++++ Data to examine

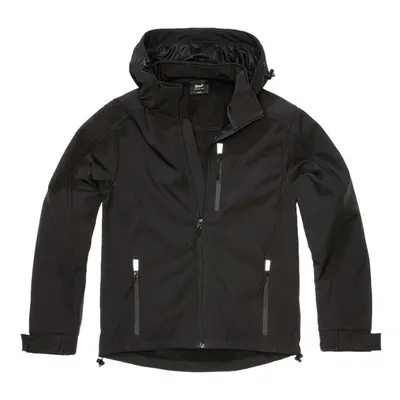 Brandit Hurricane Between-seasons Jacket Between-seasons Jacket black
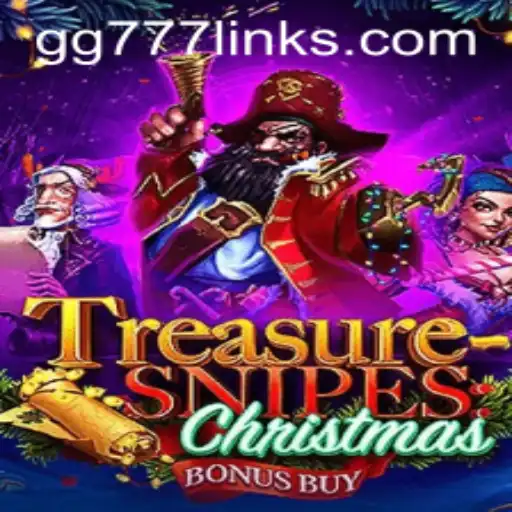 Unveiling TreasuresnipesChristmas and the Fascinating Keyword GG777
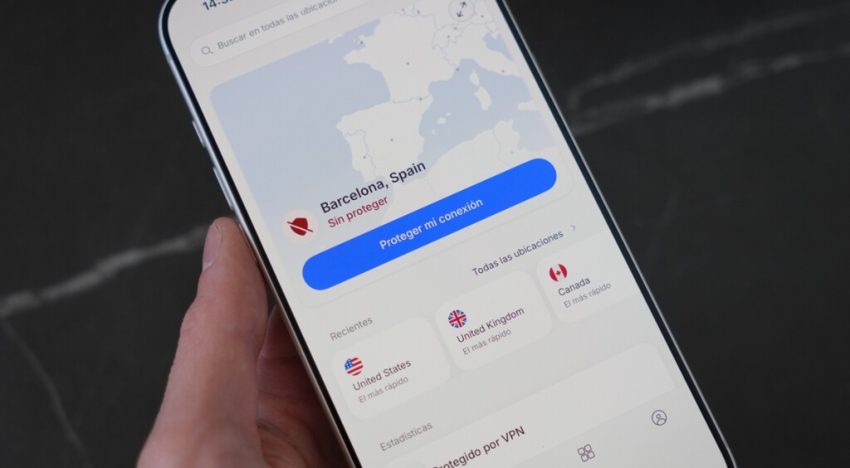 El Relay Privado de iCloud protege tu iPhone, pero no es una VPN. Estos son los motivos y las situaciones en las que se necesita algo más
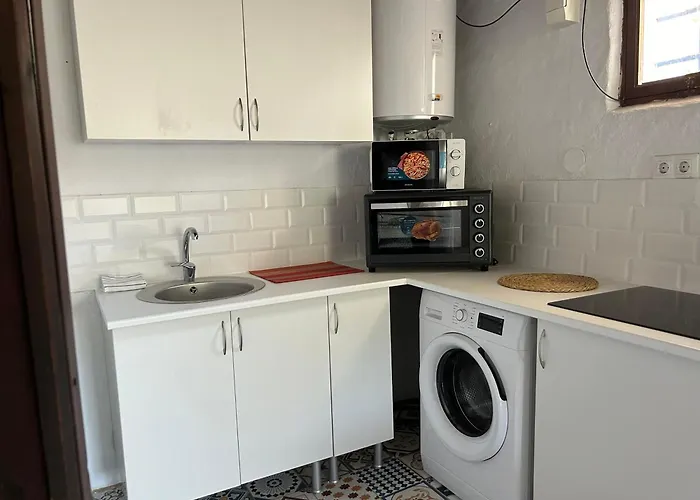 Santa Teresa, Casa Granada База відпочинку Естепона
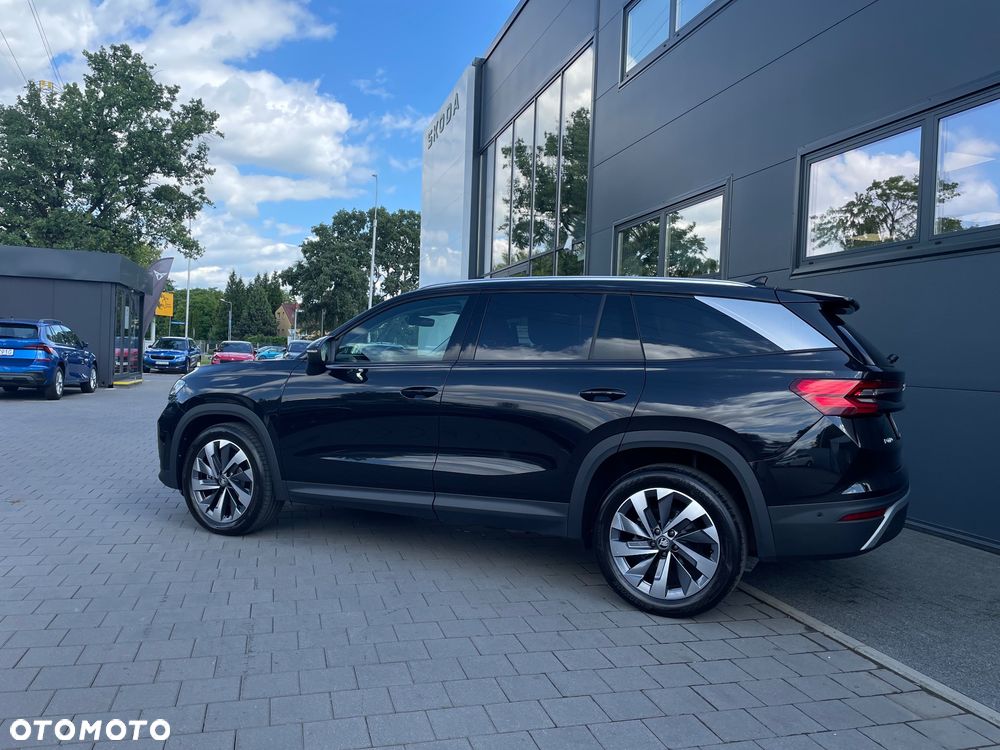 Skoda Kodiaq 2.0 TSI 4x4 Sportline DSG - 4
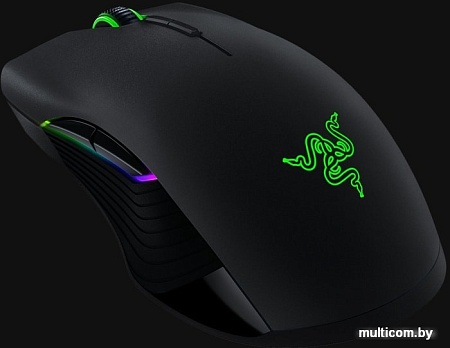 Игровая мышь Razer Lancehead 2019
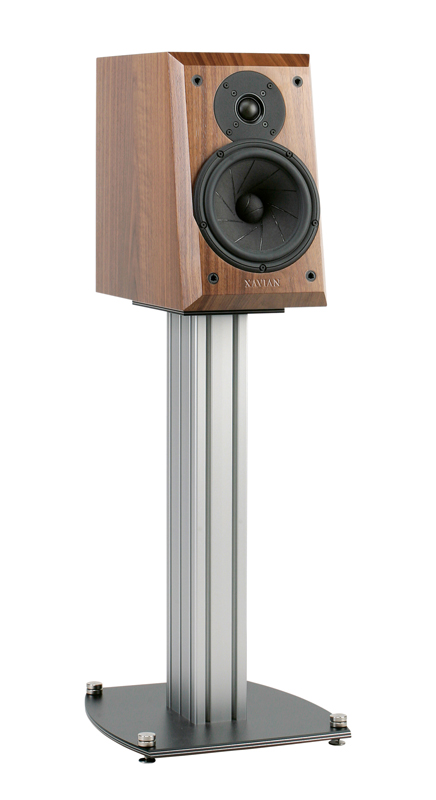 XAVIAN XN 270 Evoluzione - HiFi Test (Germany) review pic4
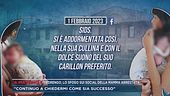 Pedrengo, lo sfogo sui social della mamma arrestata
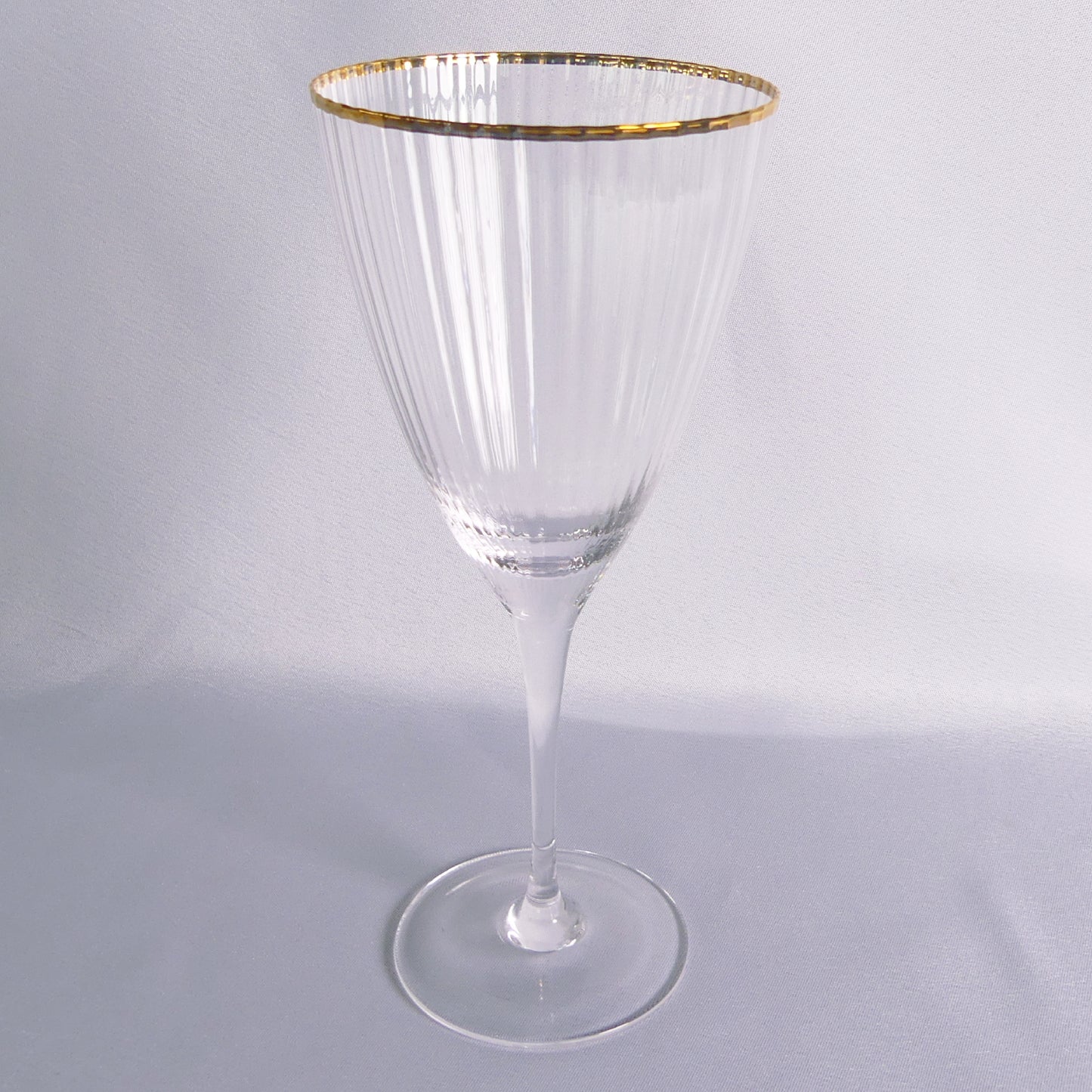 Glassware Rental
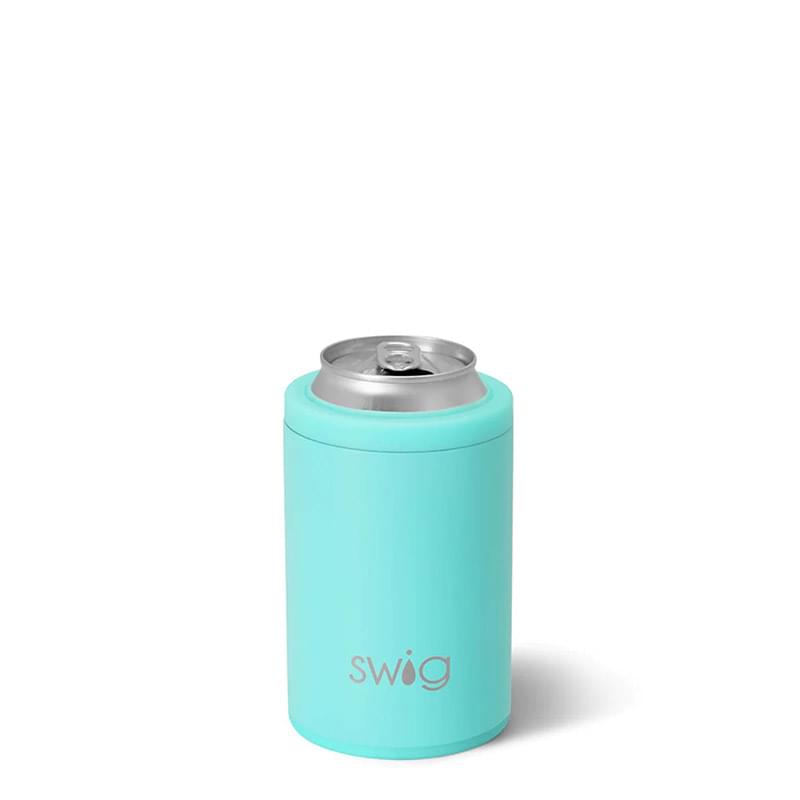 12 oz SWIG® Stainless Steel Insulated Can & Bottle Cooler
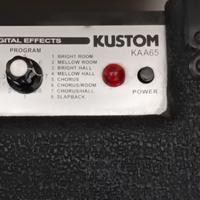 Amplificatore Kustom KAA65 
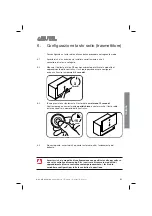 Предварительный просмотр 63 страницы Huwil 372.64.995 User Manual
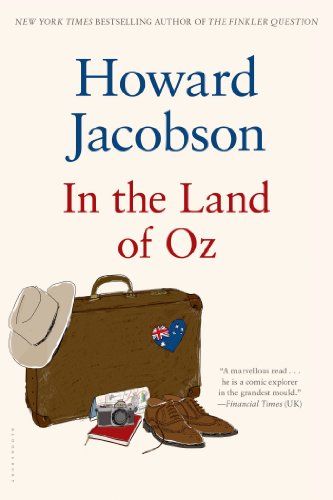 Stock image for In the Land of Oz for sale by Better World Books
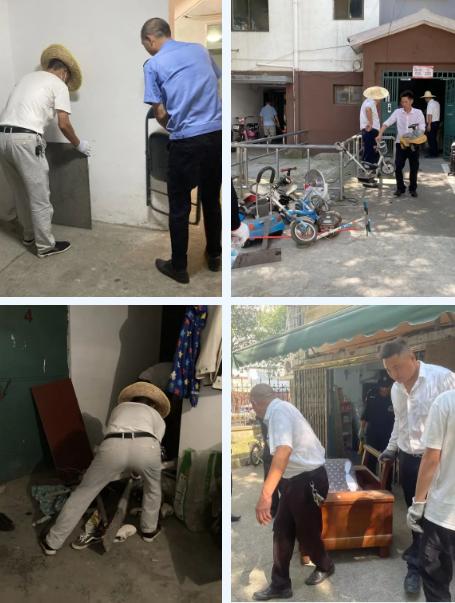 加强物业管理助推文明城创建,物业小区创建文明城市主要做法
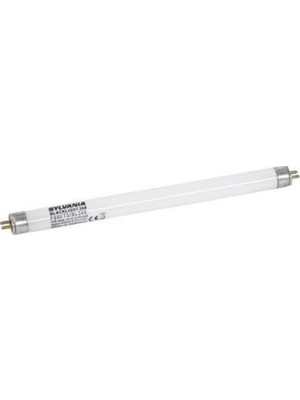 Sylvania 6W Floresan Ampul T8 Yedek Tüp Aydınlatma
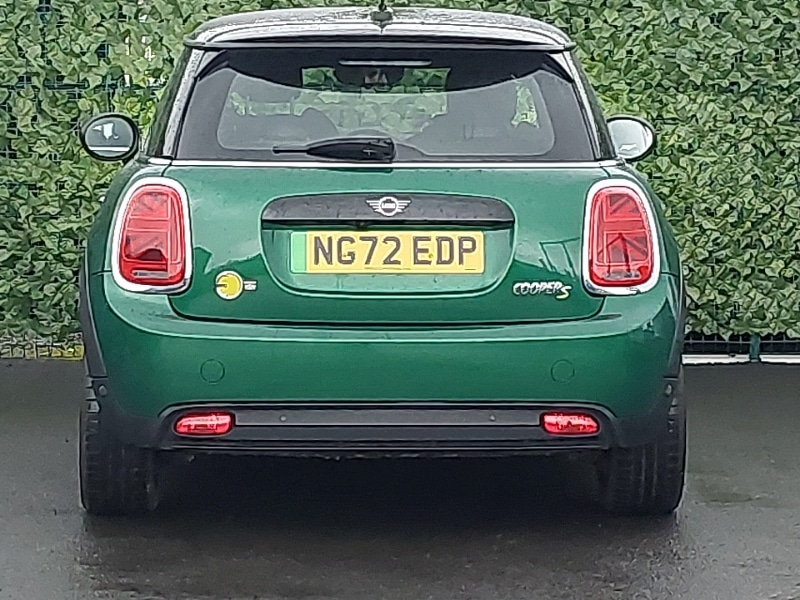 Used MINI Hatch 2023 for sale - 77454208: Photo 15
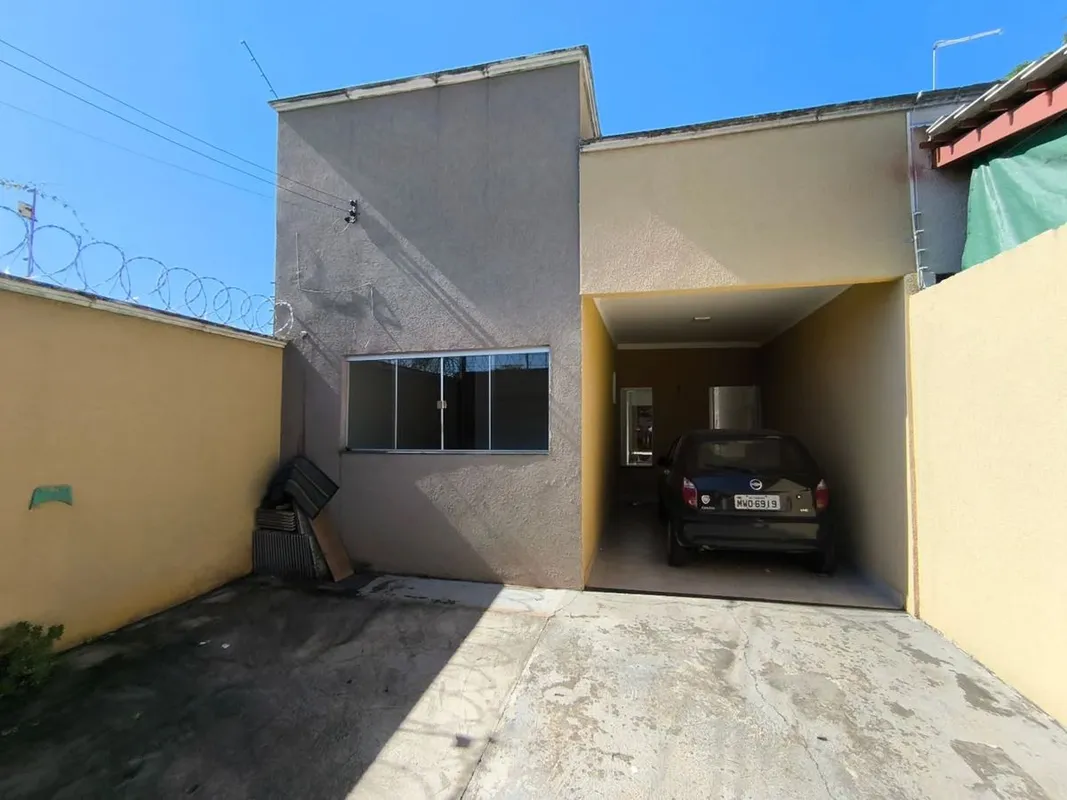 Foto do Imóvel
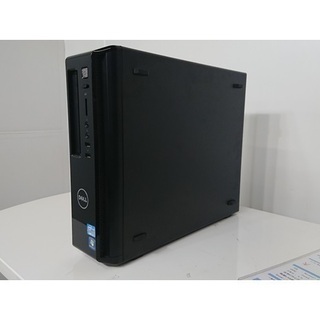 【DELL】中古デスクトップパソコン VOSTRO 260S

++++++++

Task item: Up to and including the line that contains "Игровая мышь Razer Lancehead 2019", print the records above exactly from their first line, without any pictures.

Output of the task:
 Brandit Hurricane Between-seasons Jacket Between-seasons Jacket black
 Unveiling TreasuresnipesChristmas and the Fascinating Keyword GG777
 El Relay Privado de iCloud protege tu iPhone, pero no es una VPN. Estos son los motivos y las situaciones en las que se necesita algo más
 Santa Teresa, Casa Granada База відпочинку Естепона
 Skoda Kodiaq 2.0 TSI 4x4 Sportline DSG - 4
 Игровая мышь Razer Lancehead 2019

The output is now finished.